Existence of a set of valid Busy-Beaver entries.

Question

In reference to 1961 paper "On Non Computable Functions" by T. Rado.

Motivation - Scott Aaronson's Who Can Name the Bigger Number?.

M is an n-state binary Turing machine. A valid BB-n entry is a set $(M,s)$ where M halts in exactly s steps. $E_n$ is the set of all valid BB-n entries. Since one cannot have both $(M,s_1) \in E_n$ and $(M,s_2) \in E_n$ for $s_1\not=s_2$, Rado concludes that $E_n$ is a subset of all possible n-state binary Turing machines which is finite and hence, $E_n$ is an exceptionally well-defined non-empty finite set. He proceeds to prove that some functions defined over $E_n$ are non-computable.

But because I'm aware of the Halting problem, I am unable to satisfactorily answer the following question : does $E_n$ exist? Let s be the number of steps required by M to halt when started on a blank tape.

Question 1. Can I say s does not exist?

If the answer is yes, then I can say (M,s) does not exist, and hence $E_n$ does not exist. If not, what can I say about s?

Question 2. If I do not want $E_n$ to exist, and in general sets that admit non-computable functions over them to exist, would I need to yank this statement : "every subset of a set is a set" out of my intuition? Is there an axiomatic system where everything that exists is computable?

I was a bit surprised about how easily Rado assumed the existence of $E_n$. When you can't even construct a set, it is not surprising that some functions over it are non-computable. I ask this question in the similar vein as Scott Aaronson asks Succinctly naming big numbers: ZFC versus Busy-Beaver, i.e "mathematical questions that are ultimately about finite processes" which don't include the likes of "CH, AC, the existence of large cardinals".

Answer 1

The question of whether a given fixed Turing machine $M$ halts or not is something that can be independent of our fundamental axioms of mathematics.

For example, let $M$ be the Turing machine that searches for a proof of a contradiction from ZFC, say, halting only upon finding one. One could in principle write down the specific instructions for such a machine.

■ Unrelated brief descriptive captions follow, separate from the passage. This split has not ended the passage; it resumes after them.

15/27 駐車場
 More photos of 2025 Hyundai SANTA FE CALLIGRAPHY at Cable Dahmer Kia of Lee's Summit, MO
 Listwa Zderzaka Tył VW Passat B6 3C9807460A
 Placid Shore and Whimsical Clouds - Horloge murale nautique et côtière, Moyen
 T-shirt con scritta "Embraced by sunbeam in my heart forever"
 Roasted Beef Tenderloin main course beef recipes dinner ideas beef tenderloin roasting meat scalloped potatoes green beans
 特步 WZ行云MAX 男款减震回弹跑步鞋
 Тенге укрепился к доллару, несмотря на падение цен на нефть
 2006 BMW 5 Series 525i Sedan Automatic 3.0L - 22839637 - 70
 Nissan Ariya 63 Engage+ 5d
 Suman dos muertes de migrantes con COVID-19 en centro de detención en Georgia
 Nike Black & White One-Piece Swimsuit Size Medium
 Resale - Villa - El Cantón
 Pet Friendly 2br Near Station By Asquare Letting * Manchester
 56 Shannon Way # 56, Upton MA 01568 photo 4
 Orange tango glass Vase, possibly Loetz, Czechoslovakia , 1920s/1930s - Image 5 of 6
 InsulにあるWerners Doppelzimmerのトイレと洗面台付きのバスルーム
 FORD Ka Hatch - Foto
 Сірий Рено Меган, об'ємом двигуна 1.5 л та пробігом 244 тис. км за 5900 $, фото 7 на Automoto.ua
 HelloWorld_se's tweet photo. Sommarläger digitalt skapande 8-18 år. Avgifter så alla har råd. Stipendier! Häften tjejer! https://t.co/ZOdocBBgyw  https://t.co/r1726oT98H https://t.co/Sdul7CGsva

And in a universe in which ZFC is consistent, then $M$ never halts. But by the incompleteness theorem, if ZFC is consistent, then there are universes in which ZFC is true, but Con(ZFC) is false, and in such a universe, $M$ does halt.

Thus, the question of whether $s$ exists for a given machine $M$ that we can write down is something that can be independent of our axioms. And strengthening the theory doesn't really solve the problem, since the same argument will apply to the stronger theory.

More generally, although the collection of $n$-state programs that halt is a finite set, and therefore the halting times of the programs in this set is definitely bounded by some finite number, and we can easily prove that it is bounded, nevertheless the specific lower bounds that we can provide for how long the computations proceed will depend on our background theory.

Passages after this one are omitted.